Music streaming service Rdio and British broadcaster BT Sports are two of the latest media providers to announce support for the Google Chromecast.
But they’re far from being alone. In all, there is now an enviable selection of services supporting the media streaming device, including big-name video services like Netflix and BBC iPlayer.
BT Sport is the second major UK media service to formally support Google’s £30 device, following BBC iPlayer.
From Monday April 7 BT will enable a ‘cast’ button in the Android and iOS app for the service “allowing customers to cast a Barclays Premier League match to their TV, rather than watching on a smaller screen,” they say.

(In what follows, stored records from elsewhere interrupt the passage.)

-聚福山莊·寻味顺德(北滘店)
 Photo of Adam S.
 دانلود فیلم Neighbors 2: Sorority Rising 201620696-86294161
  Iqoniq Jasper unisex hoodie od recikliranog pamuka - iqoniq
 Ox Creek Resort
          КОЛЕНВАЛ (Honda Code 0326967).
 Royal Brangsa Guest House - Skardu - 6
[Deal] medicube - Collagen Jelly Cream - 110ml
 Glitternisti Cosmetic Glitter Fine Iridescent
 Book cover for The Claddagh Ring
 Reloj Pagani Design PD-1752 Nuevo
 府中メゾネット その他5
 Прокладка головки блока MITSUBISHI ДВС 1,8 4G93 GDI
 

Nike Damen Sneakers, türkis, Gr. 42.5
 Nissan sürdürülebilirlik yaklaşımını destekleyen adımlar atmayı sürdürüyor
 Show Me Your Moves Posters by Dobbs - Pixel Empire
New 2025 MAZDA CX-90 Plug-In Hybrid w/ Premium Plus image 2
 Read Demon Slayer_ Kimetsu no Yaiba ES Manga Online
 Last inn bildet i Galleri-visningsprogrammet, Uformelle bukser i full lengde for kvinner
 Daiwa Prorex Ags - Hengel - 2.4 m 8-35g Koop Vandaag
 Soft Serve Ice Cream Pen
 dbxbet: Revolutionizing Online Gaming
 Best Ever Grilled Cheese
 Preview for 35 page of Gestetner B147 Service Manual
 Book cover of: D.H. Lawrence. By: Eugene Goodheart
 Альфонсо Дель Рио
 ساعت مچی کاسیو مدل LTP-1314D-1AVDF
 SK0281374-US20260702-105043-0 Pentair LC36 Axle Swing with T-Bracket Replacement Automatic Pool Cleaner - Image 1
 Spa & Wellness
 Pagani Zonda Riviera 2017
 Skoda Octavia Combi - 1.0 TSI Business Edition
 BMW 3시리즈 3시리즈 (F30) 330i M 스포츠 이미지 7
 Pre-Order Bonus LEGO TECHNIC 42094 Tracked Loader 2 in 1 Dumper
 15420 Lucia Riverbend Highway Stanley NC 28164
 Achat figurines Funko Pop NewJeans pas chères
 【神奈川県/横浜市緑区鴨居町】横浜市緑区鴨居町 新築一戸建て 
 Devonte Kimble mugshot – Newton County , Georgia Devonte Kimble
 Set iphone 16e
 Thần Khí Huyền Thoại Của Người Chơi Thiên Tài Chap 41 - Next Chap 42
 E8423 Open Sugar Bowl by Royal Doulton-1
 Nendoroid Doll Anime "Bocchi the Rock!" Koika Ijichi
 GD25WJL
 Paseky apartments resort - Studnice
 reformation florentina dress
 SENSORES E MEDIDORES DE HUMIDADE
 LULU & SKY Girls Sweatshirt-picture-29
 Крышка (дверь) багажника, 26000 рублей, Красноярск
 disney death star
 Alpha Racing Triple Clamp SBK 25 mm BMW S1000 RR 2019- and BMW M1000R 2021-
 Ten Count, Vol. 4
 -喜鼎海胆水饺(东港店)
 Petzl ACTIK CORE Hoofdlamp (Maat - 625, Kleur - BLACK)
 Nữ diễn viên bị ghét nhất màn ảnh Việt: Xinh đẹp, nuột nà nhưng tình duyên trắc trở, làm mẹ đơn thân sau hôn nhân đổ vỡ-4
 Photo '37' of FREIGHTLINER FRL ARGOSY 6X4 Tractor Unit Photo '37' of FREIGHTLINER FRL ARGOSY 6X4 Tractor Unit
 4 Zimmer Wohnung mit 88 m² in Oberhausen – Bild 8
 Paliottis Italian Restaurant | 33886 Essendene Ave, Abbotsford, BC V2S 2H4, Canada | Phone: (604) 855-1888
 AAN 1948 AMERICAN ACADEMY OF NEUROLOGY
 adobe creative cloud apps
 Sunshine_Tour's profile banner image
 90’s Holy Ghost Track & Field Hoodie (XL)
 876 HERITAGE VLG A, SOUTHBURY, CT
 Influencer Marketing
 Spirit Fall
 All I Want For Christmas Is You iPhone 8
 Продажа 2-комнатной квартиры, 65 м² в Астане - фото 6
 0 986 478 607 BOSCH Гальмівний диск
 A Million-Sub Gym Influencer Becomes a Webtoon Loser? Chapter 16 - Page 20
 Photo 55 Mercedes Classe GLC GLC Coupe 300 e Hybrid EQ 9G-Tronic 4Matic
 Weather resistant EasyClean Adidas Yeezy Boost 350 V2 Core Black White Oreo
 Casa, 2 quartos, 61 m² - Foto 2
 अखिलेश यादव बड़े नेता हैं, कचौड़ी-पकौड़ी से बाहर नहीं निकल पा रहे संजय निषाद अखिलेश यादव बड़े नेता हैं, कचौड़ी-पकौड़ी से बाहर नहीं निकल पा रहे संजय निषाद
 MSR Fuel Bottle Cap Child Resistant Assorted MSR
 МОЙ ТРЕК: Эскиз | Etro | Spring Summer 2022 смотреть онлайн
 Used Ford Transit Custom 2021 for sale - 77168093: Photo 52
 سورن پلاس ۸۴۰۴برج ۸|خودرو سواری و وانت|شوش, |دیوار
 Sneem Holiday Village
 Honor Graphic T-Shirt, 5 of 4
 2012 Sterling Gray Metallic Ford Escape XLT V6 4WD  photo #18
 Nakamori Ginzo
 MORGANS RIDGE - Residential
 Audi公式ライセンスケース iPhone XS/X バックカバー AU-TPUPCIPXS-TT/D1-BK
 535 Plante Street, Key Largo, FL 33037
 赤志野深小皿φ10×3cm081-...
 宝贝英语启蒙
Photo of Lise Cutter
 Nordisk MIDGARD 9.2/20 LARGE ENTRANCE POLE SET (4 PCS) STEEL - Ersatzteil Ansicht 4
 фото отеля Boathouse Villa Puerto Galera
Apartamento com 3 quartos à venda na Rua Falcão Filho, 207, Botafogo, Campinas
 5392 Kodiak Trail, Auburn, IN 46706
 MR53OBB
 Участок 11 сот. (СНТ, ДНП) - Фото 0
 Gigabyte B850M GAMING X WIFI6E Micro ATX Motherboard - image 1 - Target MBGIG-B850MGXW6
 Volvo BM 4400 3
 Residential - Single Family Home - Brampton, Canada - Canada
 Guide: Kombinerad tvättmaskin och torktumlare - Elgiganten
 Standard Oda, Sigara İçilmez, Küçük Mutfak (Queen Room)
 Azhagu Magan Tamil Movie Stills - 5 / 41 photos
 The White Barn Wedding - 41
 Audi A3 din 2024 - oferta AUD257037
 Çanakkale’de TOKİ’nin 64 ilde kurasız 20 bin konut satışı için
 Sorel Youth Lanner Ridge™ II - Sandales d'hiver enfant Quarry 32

“This helps us to deliver on our aim to bring the best quality sport to BT customers at affordable prices across a wide number of platforms and devices.”
BT Sport is one of the largest sports broadcasters in the UK and owns exclusive first-play rights to top draw English Premier League football matches, plus select picks from the FA Cup and UEFA Europa League. Its array of channels, including UK ESPN, are also home to a wide array of other sports, including MotoGP, Tennis, and Rugby.
Access to BT Sport is free for BT broadband customers. For more details see the official website, link below.
Music streaming service Rdio is one of the most popular ‘services’ of its kind, delivering free music to listeners in 35 countries around the world.
Its web, Android and iOS applications have been updated to allow users to cast their favourite songs, radio stations and albums to their TV whilst being able to control playback from their phone.
“This means you now have a whole new way to surround yourself with your music in the comfort of your home,” the press release extols.
Rdio can be used for free for 30 days and boasts a catalogue of more than 20,000,000 tracks — which includes many of the latest releases from big-label artists.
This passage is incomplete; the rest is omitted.